═════ TASK DATA

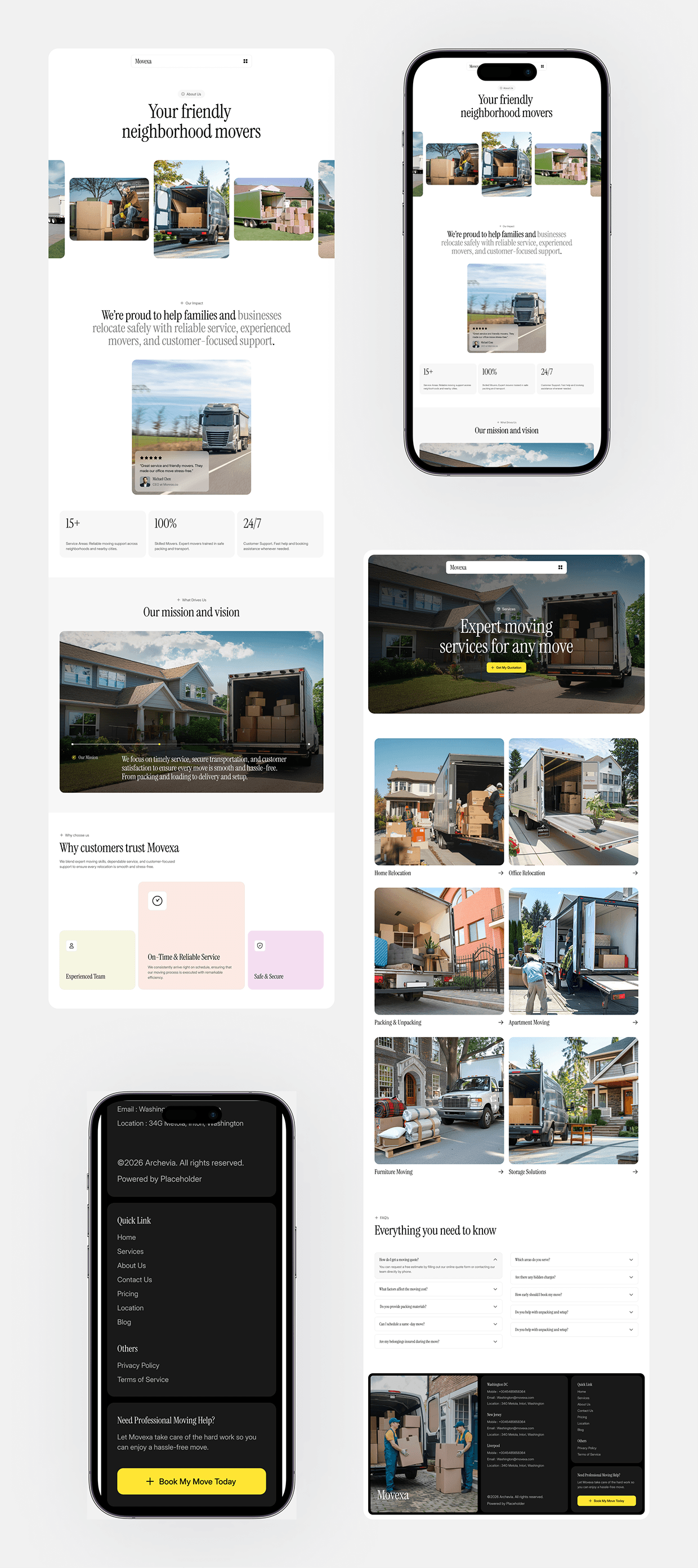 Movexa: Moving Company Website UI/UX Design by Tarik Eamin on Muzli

══════════
═════ TASK DATA

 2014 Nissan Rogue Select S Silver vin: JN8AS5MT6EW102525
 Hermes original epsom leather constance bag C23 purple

══════════

◆ EXERCISE INSTRUCTIONS ◆
Write out only the lines that run from the line containing "2014 Nissan Rogue" through the line containing "Hermes original epsom", both included, exactly as they appear above.

◆ RESPONSE AREA ◆
 2014 Nissan Rogue Select S Silver vin: JN8AS5MT6EW102525
 Hermes original epsom leather constance bag C23 purple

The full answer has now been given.